O Pfandsystem, nome do programa alemão de reciclagem de garrafas - de PET ou vidro -, lançado em 2003, remunera quem colabora com a devolução. A possibilidade de receber de 15 ou 25 centavos de euro de volta é uma das razões que levou o país a ultrapassar os 97% de vasilhames devolvidos.

Na compra de bebidas está embutido um valor adicional pago pela garrafa ou lata, chamado de pfand, em alemão. Na devolução dos vasilhames, feita em equipamentos instalados pelos supermercados (é lei), ocorre o reembolso do pfand. As máquinas que selecionam os tipos de embalagem calculam o valor a ser devolvido e, ao final, emitem um cupom. É possível receber em dinheiro ou usar como desconto na compra na loja.

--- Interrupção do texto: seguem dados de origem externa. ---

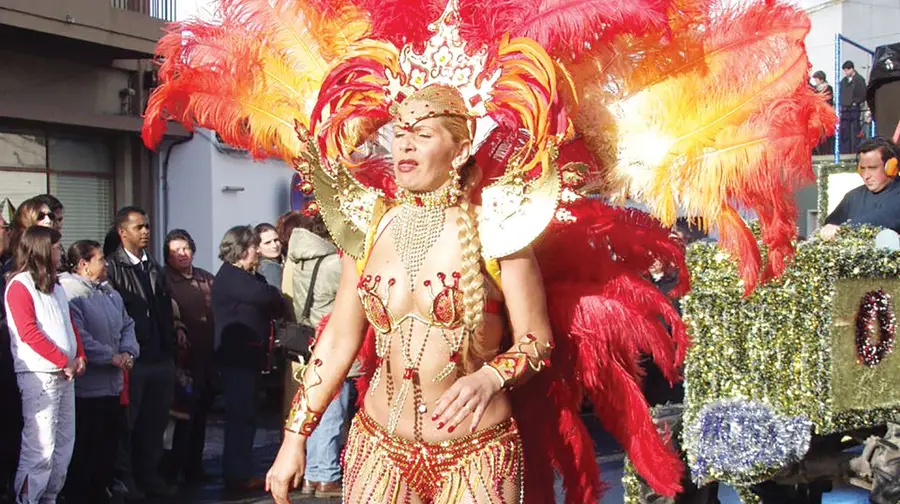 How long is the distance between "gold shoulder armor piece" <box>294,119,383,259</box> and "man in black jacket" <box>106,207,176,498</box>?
10.9 ft

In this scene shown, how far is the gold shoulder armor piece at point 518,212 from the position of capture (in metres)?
3.21

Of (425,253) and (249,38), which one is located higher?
(249,38)

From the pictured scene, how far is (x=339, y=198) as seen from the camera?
142 inches

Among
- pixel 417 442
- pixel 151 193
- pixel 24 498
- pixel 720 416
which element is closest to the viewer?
pixel 417 442

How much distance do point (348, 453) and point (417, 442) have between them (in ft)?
0.97

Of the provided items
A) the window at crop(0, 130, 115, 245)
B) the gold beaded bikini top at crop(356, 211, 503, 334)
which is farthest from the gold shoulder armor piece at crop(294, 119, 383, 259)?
the window at crop(0, 130, 115, 245)

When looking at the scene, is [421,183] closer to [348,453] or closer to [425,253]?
[425,253]

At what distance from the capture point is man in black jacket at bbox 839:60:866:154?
13.2m

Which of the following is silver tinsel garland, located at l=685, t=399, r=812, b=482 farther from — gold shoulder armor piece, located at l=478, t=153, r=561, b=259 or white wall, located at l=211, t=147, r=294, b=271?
white wall, located at l=211, t=147, r=294, b=271

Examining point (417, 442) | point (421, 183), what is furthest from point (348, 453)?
point (421, 183)

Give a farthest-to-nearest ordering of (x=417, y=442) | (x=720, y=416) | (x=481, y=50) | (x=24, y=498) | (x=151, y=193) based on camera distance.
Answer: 1. (x=151, y=193)
2. (x=24, y=498)
3. (x=720, y=416)
4. (x=481, y=50)
5. (x=417, y=442)

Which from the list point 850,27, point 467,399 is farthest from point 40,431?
point 850,27

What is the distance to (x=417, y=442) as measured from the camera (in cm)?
321

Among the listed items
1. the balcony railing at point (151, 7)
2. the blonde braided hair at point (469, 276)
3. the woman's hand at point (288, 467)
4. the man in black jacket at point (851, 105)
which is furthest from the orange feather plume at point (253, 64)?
the man in black jacket at point (851, 105) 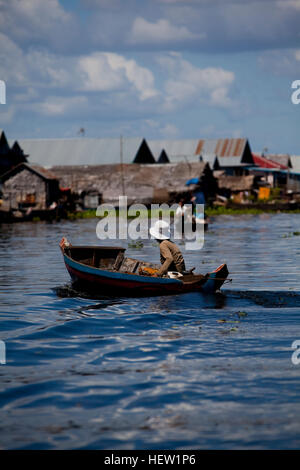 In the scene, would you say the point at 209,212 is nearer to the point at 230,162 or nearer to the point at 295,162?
the point at 230,162

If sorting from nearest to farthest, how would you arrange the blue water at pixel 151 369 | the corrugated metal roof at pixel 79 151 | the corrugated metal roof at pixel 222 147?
1. the blue water at pixel 151 369
2. the corrugated metal roof at pixel 79 151
3. the corrugated metal roof at pixel 222 147

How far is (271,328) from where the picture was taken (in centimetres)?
1051

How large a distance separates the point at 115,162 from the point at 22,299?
45.0 meters

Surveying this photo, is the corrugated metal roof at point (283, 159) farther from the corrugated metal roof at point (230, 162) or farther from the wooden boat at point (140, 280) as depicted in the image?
the wooden boat at point (140, 280)

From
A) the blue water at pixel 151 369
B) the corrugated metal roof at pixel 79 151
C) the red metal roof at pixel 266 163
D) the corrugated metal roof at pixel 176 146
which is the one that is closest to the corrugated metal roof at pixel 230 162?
the corrugated metal roof at pixel 176 146

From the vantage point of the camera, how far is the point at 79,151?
60156mm

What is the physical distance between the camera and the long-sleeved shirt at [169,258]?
13039 millimetres

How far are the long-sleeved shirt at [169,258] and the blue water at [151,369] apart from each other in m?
0.55

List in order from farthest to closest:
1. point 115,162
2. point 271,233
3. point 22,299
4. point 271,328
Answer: point 115,162 → point 271,233 → point 22,299 → point 271,328

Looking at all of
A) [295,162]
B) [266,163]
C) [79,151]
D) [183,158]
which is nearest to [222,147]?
[183,158]

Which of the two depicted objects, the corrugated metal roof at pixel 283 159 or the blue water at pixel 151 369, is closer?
the blue water at pixel 151 369

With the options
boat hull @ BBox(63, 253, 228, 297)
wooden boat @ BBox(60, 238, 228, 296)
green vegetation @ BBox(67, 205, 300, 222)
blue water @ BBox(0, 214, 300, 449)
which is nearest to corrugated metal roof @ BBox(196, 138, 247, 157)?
green vegetation @ BBox(67, 205, 300, 222)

Além de ajudar na consciência ambiental e na mudança de hábito, a regulamentação na Alemanha garante uma renda extra não apenas para quem comprou as bebidas, lavou e guardou as embalagens em casa para devolvê-las no supermercado.

Há ainda um interesse pelas garrafas descartadas nas lixeiras por turistas que desconhecem o pfand - são aqueles que "jogam" dinheiro fora. Não é incomum ver alguém "resgatando"vasilhames para depois embolsar uns pfands extras.

TAXA BAIXA DE CRESCIMENTO NO BRASIL

Dados coletados pela 13ª edição do Censo da Reciclagem do PET no Brasil, divulgados em março passado pela Associação Brasileira da Indústria do PET (Abipet), apontam que o país reciclou 410 mil toneladas de embalagens PET em 2024. O volume cresceu apenas 14% em relação aos números de 2022.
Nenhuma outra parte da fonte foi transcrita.